AC: As I have already stated, so long as we use the US dollar as our unit of account and circulation, the liquidity crunch will continue. We have to move to a non-tradable, non-externalisable currency. Ideally, we should have our own national currency. However, since the conditions do not exist for this to happen, the second best option is the South African Rand.
HN: Considering that that you are also a mining coach on the ease of doing business programme, what is your view on the state of the mining sector and what can be done to improve it?
AC: The mining sector has enormous potential. It is in a position to increase production and exports which could potentially solve Zimbabwe’s foreign exchange and balance of payments problems. For instance, there is scope to double the production of gold, and increase the production and exports of other key minerals – both in raw form and beneficiated. The Thematic Working Group on Mining has just completed a full mapping exercise of the regulatory and other constraints affecting the performance of this sector. We will now start the discussions with the relevant authorities to bring on the necessary changes. To give you one example, artisanal miners – the makorokozas, produce almost half of Zimbabwe’s gold output. But under the existing laws their activities are considered illegal. This is obviously ridiculous, so our committee is taking steps to change the necessary laws, introduce a special mining permit for small miners, and legalise their activities. In this manner we want to provide a better enabling environment for both artisanal and large scale miners to increase their gold output. This is equally true in other areas of the mining sector.
HN: What is your view on the Indigenisation policy?
AC: There is nothing unusual about having an empowerment policy that favours local people.

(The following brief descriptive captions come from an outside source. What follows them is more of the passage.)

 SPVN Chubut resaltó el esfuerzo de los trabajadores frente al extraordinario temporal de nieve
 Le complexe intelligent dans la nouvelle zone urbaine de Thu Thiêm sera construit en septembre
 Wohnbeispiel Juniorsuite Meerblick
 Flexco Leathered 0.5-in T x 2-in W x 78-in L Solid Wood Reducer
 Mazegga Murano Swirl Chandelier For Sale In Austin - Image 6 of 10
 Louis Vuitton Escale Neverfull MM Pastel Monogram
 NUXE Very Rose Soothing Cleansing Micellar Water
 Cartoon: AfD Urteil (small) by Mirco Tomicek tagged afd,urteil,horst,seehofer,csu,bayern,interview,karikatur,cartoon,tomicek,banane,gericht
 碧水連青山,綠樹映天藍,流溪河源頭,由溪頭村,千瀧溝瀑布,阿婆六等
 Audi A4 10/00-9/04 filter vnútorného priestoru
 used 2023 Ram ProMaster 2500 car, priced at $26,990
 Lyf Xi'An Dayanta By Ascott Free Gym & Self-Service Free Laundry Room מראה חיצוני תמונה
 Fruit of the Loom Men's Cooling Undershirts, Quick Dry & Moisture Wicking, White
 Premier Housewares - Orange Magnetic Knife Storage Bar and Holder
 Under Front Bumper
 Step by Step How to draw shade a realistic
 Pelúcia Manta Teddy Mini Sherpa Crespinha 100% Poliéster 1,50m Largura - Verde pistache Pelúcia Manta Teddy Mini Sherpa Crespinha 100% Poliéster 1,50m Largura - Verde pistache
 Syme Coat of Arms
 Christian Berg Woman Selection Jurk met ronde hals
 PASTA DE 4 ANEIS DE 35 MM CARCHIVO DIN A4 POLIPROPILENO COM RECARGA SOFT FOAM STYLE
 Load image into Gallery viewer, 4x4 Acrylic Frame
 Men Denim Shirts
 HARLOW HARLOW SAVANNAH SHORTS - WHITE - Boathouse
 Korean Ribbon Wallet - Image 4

Many countries have introduced such policies. However, what is wrong with our indigenisation policy is that it is only focused on ownership of assets. This is the wrong way to look at empowerment. The better way of looking at it is: ensuring the employment of citizens, giving them preferential access to government tenders or government purchases, ensuring that foreign companies keep most of the value-added within the country, making sure that foreign companies, especially those in resource based sectors contribute to tax revenue and the fiscus, etc. Such measures are more important in ensuring that foreign investment contributes to national development and the empowerment of citizens. There has been some thinking along these lines and some of our leadership has indicated that the current Act should be amended in this direction. However, it is unfortunate that these amendments have not been formulated in the law and implemented. The current Act is a huge deterrent to foreign investment as the statistics show. In 2016 inward long term investment fell to its lowest level ever. Therefore, this Act should be re-vamped immediately.
Fact File: Ashok Chakravarti
- Is a senior development economist who has worked for 40 years in Africa;
- Currently an advisor on Ease of Doing Business Programme under the Office of the President and Cabinet;
- Has advised the governments of Malawi and South Sudan;
- Has worked for UNDP, UNCTAD, USAID, DFID and other international agencies
- Holds several degrees from Delhi and Oxford Universities;
- Author of many academic papers and books on development and the economic performance of nations; and
- Senior visiting lecturer in the Department of Economics at the University of Zimbabwe, from 2009 to 2014 and also worked as an advisor in the Ministry of Finance during the same period.